どうして「尻笛」ではないのだろう。

あまり美しくない話です。
ぼくはオナラをよくします。「よく」という二文字に背負わせるのも憚られるくらい、頻繁にこきます。もしこれまでのぼくのあらゆる行いを数値化したら、くしゃみの回数より、放屁の回数のほうが多いと断言できる。それもかなり圧倒的に。すみません。鼻を高くして自慢するようなことではないですね。 

ぼくの肛門の門番はセキュリティチェックがとても甘いみたいで空気やガスを見かけると、通ってよし、と見境なく次から次へと通過させてしまう。

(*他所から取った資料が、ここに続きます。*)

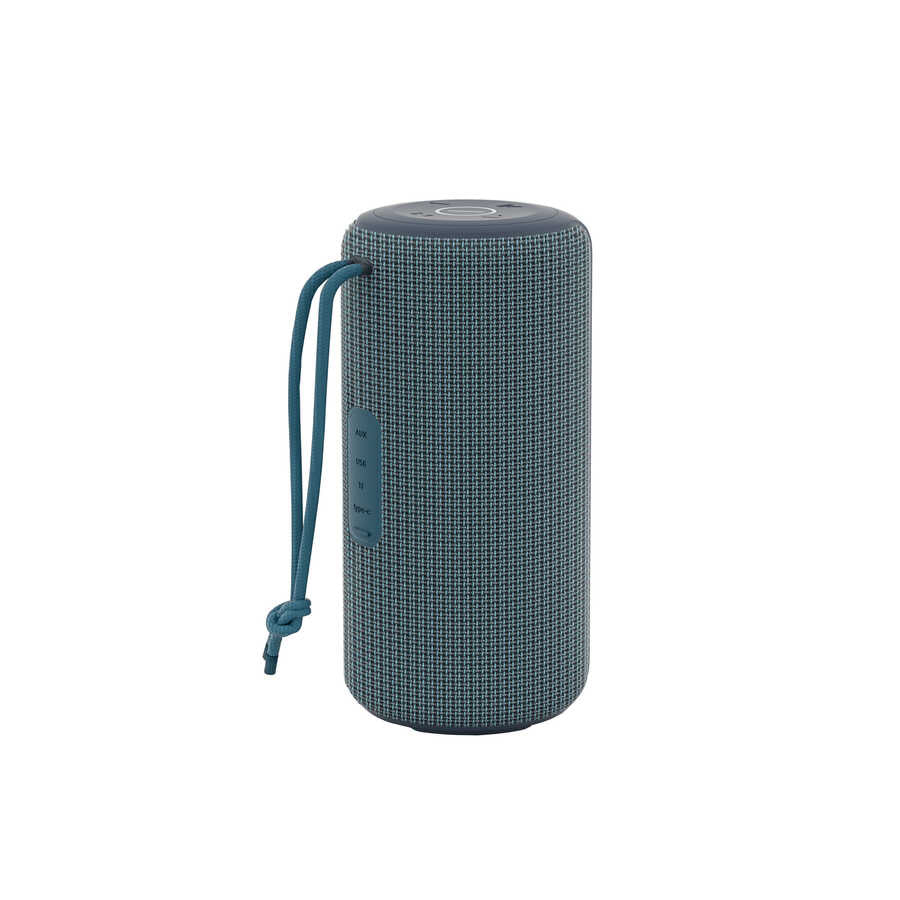 Wiwu P24 Bluetooth Speaker Hoparlör Mavi
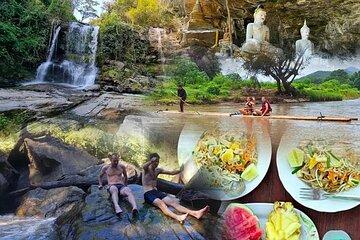 Chiang Mai Hidden Waterfall and Bamboo Rafting Adventure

幸いにも(ほんとうに幸いにも)無臭であることが多く、これまでに怒り心頭の被害届を受け取ったことはありません。それでも、飲みこんだ空気や腸の内容物の発酵によって発生したガスを、肛門から排出して周囲に撒き散らしている事実に変わりない。もしぼくの近くで、ブッと音が鳴れば、ほぼ疑いの余地なくわたくしが容疑者なのである。被害届を受け取った日には、黙って罪を認め、おとなしく手錠をはめなければならない。しかし、今回お話ししたいのは、ぼくのこうした罪の告白ではないのです。
 
問いたいのは名前であります。ぼくは思うのですが、口からでる音を「口笛」、鼻からでる音を「鼻笛」と呼ぶのなら、尻から出る音は「尻笛」と呼んでもいいのではないだろうか。むしろ、そう呼ぶべきなのではないのか。どうしてお尻から出る音は「屁」や「オナラ」というまったく新しい名詞が付けられてしまったんだろう。もし「尻笛」という名であったなら、ここまで罪の意識を感じることもなかったと思うのです。あるいは、罪悪感を抱かせるために「オナラ」という名前を授けたのだろうか。ウィキペディアによると次のように書かれている。
 
「おなら」は「お鳴らし」が略されてできた女房言葉で、「屁」よりも上品(あるいは婉曲)な言い方であるとされており、およそ室町時代にできた言葉である。

「屁よりも上品な言い方」であるならば、「尻笛」の方が上品だと思いませんか。まあ、もし「尻笛」という名前になってしまったら、口笛のような軽やかさで日本列島は人間の肛門から出たガスで充満されていくことになるかもしれないですが。